## Exercise input
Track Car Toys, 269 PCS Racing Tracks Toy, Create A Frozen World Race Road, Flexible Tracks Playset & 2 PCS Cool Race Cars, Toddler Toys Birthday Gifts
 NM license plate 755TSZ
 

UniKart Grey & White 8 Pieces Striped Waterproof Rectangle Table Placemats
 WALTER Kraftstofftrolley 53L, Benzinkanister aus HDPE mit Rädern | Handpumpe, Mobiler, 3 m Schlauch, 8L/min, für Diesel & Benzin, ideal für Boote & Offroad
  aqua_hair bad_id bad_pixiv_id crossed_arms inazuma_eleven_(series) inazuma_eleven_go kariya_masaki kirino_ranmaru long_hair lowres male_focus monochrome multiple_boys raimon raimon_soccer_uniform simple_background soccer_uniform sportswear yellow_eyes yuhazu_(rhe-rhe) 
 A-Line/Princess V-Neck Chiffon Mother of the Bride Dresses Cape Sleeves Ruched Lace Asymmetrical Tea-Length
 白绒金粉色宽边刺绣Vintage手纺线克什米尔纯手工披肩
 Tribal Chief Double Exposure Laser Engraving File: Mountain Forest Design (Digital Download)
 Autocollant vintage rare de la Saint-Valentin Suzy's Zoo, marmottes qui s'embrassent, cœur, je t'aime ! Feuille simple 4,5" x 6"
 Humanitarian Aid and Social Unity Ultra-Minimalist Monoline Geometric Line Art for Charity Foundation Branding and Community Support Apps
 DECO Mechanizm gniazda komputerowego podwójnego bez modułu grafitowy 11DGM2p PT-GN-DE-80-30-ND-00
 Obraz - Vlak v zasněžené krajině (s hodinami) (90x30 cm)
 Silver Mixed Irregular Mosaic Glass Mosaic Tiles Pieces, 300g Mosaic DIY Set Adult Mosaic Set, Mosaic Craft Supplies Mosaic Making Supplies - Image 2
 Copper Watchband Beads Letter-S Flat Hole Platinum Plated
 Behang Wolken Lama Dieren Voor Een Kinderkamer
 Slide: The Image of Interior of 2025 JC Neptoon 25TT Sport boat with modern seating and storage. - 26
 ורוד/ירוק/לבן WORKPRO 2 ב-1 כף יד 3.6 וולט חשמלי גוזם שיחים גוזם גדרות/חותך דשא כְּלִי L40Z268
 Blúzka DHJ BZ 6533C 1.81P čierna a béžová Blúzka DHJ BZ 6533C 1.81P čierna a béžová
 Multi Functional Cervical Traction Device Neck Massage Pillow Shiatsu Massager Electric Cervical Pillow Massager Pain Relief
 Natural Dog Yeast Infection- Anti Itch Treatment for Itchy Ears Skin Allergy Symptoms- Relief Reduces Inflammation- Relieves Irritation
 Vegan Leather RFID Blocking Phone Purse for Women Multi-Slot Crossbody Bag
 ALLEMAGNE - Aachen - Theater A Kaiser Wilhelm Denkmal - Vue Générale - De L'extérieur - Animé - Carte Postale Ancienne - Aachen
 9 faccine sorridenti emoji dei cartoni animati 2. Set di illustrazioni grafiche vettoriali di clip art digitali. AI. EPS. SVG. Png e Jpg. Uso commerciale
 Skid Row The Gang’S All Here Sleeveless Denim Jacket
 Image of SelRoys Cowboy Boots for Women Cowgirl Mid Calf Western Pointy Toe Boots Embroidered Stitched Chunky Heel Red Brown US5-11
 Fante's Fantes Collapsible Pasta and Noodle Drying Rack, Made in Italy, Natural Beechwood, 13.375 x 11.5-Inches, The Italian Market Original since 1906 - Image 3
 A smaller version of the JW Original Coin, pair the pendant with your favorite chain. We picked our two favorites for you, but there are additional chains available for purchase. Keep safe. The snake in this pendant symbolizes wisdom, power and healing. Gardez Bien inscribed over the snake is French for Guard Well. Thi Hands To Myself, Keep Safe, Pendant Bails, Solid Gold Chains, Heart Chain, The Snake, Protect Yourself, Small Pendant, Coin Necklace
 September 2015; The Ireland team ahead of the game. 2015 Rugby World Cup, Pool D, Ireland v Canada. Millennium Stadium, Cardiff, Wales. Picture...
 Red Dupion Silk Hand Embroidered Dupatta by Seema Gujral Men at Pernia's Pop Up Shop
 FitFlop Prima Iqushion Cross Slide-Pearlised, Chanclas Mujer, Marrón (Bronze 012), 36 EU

## Activity
Transcribe, with no changes, the listing above from its first line through the line with "UniKart Grey &", including that line, and stop once it is done.

## Reply to the exercise
Track Car Toys, 269 PCS Racing Tracks Toy, Create A Frozen World Race Road, Flexible Tracks Playset & 2 PCS Cool Race Cars, Toddler Toys Birthday Gifts
 NM license plate 755TSZ
 

UniKart Grey & White 8 Pieces Striped Waterproof Rectangle Table Placemats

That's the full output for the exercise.